1. A fuel system for supplying pressurised fuel to a plurality of fuel injectors (14a-14f),
the fuel system comprising;
an accumulator assembly (16) having first and second accumulator volumes (18, 20)
defined within a common accumulator housing (22),
supply means (42) for supplying fuel at a supply pressure level to the first accumulator
volume (18),
a plurality of unit pumps (10a-10f) for receiving fuel at the supply pressure level
from the first accumulator volume (18) and for pressurising said fuel to an injectable
pressure level for supply to the second accumulator volume (20),
wherein each unit pump (10a-10f) includes a pumping plunger (50) for pressuring fuel
within an associated pump chamber (52) and being integrated with the accumulator housing
(22) so as to permit communication between the first accumulator volume (18) and the
pump chamber (52) internally within the accumulator housing (22).

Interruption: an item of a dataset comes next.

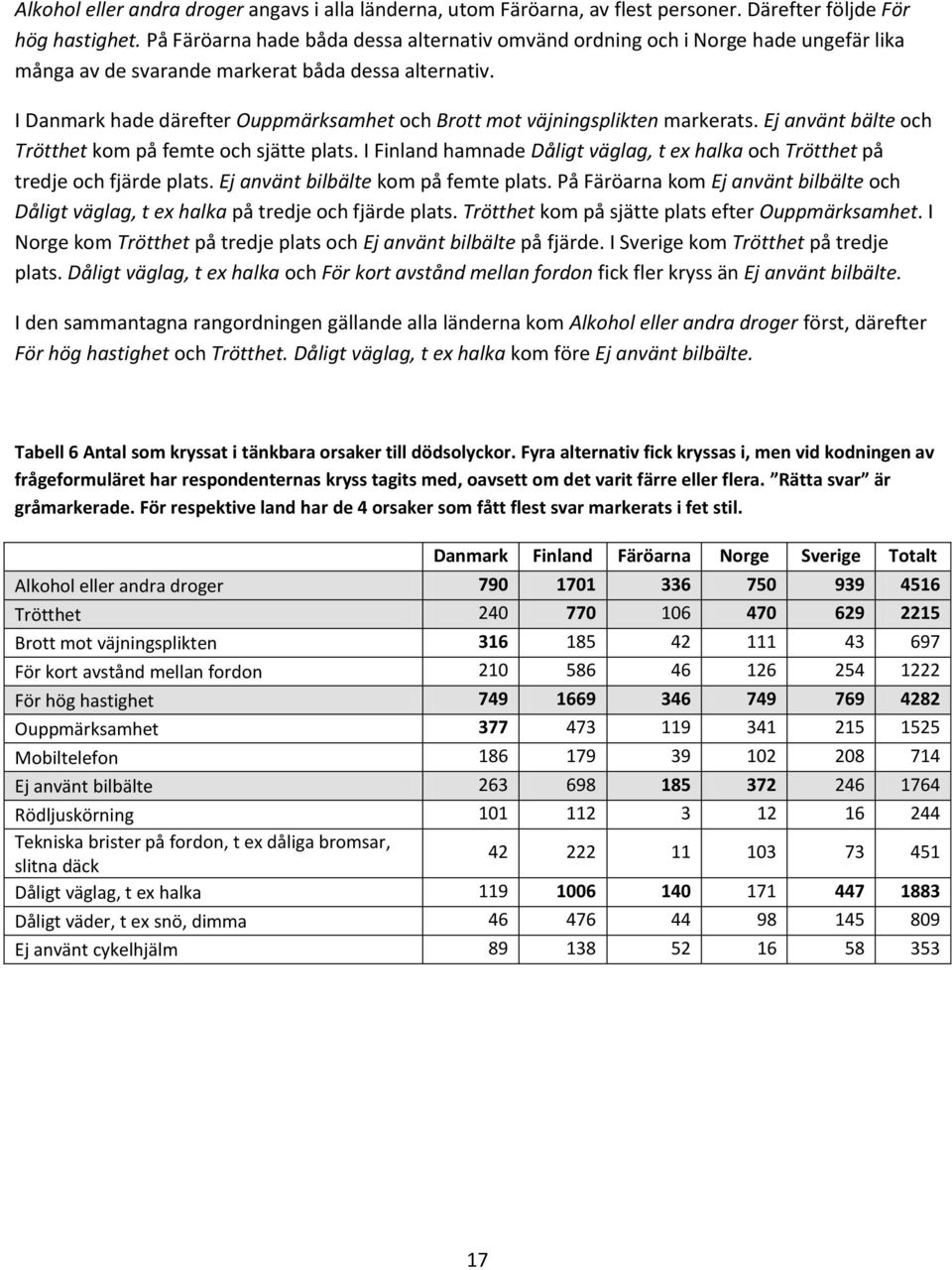 I Danmark hade därefter Ouppmärksamhet och Brott mot väjningsplikten markerats. Ej använt bälte och Trötthet kom på femte och sjätte plats.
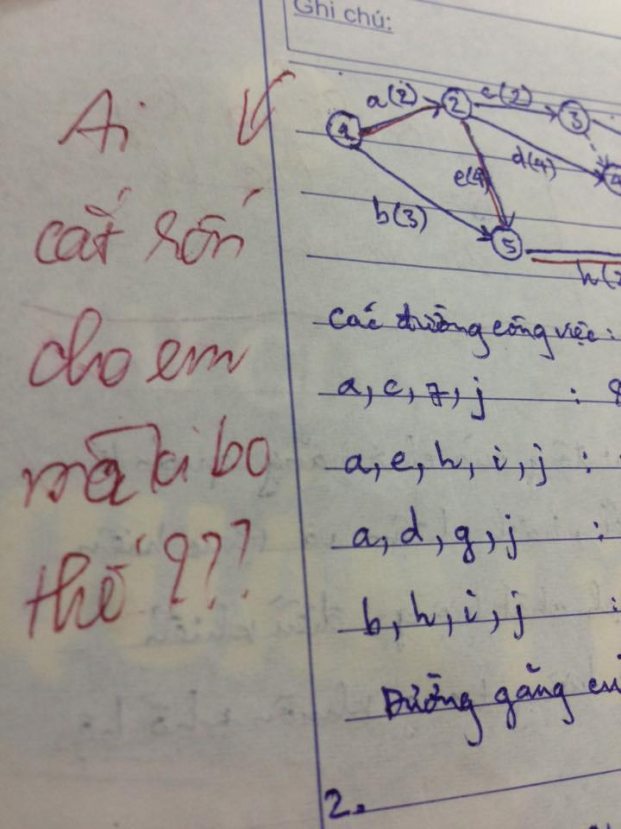 cuoi vo bung voi nhung loi phe ba dao cua giang vien hoc vien tai chinh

2. The fuel system as claimed in claim 1, wherein each unit pump (10a-10f) is integrated
with the accumulator housing (22) by mounting within an opening or cross bore (24a-24f)
provided in the accumulator housing (22) so as to pass through the accumulator housing
(22).
3. The fuel system as claimed in claim 1 or claim 2, wherein the assembled unit pump
(10a-10f) and rail assembly (16) form an integrated pump/rail assembly, and wherein
each unit pump (10a-10f) is received within the accumulator housing (22) so as to
permit communication between the second accumulator volume (20) and the pump chamber
(52) of each unit pump (10a-10f) internally within the pump/rail assembly.
4. The fuel system as claimed in any one of claims 1 to 3, wherein the accumulator assembly
is a rail assembly (16) comprising a first rail volume (18) and a second rail volume
(20) housed within a rail housing (22).
5. The fuel system as claimed in claim 4, wherein the first rail volume (18) communicates
with the pump chamber (52) of each unit pump (10a-10f) internally within the accumulator
housing (22) via first valve means (56).
6. The fuel system as claimed in claim 5, wherein the first rail volume (18) is communicable
with the pump chamber (52) of each unit pump (10a-10f) through a non-return valve
(56) having an open position, in which the pump chamber (52) communicates with the
first rail volume (56), and a closed position in which said communication is broken.
7. The fuel system as claimed in claim 6, wherein the second rail volume (20) is communicable
with the pump chamber (52) of each unit pump (10a-10f) through second valve means
(58).
8. The fuel system as claimed in claim 7, wherein the second valve means is a rail control
valve (58) operable between an open position in which fuel at the injectable pressure
level, being a first injectable pressure level, is supplied from the second rail volume
(20) to the injectors (14a-14f) and a closed position in which communication between
the pump chamber (52) of a unit pump and the second rail volume (20) is broken so
that the unit pump (10a-10f) is operable to increase fuel to a second injectable pressure
level.
9. The fuel system as claimed in claim 8, wherein the rail control valve (58) includes
an electro-magnetically operable valve which is movable between the open and closed
positions by application of an electrical control signal.
10. The fuel system as claimed in any one of claims 4 to 9, wherein the supply means
includes a transfer pump (42) for supplying fuel at supply pressure to the first rail
volume (18) and, hence, to each unit pump (10a-10f) through the first valve means
(56).
11. The fuel system as claimed in any one of claims 4 to 10, wherein the first and second
rail volumes (18, 20) are arranged side-by-side, or substantially in parallel with
one another, within the rail housing (22).
12. The fuel system as claimed in any one of claims 1 to 11, including a plurality of
injectors (14a-14f) for receiving fuel at an injectable pressure level from the pump
chamber (52) of an associated unit pump {10a-10f) and/or from the second accumulator
volume (20)
13. The fuel system as claimed in claim 12, including a plurality of unit pumps {10a-10f)
each of which forms a common unit with one of the injectors (14a-14f).
14. The fuel system as claimed in any one of claims 1 to 13, including nozzle control
valve means (36) operable to control the timing of commencement of injection at a
first and/or a second injectable pressure level.
15. The fuel system as claimed in claim 14, wherein the nozzle control valve means includes
a nozzle control valve (36) that is operable to control fuel pressure within an injector
control chamber (44) so as to permit control of injection timing of at the first and/or
the second injectable pressure level.
16. An accumulator assembly for a common rail fuel system having a plurality of unit
pumps (10a-10f), the accumulator assembly including an accumulator housing (22) within
which is defined a first accumulator volume (18) for fuel at a supply pressure level
and a second accumulator volume (20) for fuel at an injectable pressure level, wherein
the accumulator housing (22) is provided with at least one opening (24a-24f) for receiving
a unit pump (10a-10f), in use, so that a pump chamber (52) of each unit pump (10a-10f)
is communicable with the first accumulator volume (18) internally within the accumulator
housing (22).
16. The accumulator assembly as claimed in claim 15, wherein the first accumulator volume
is a first rail volume (18) and the second accumulator volume is a second rail volume
(20), both of which are defined within a rail housing (22).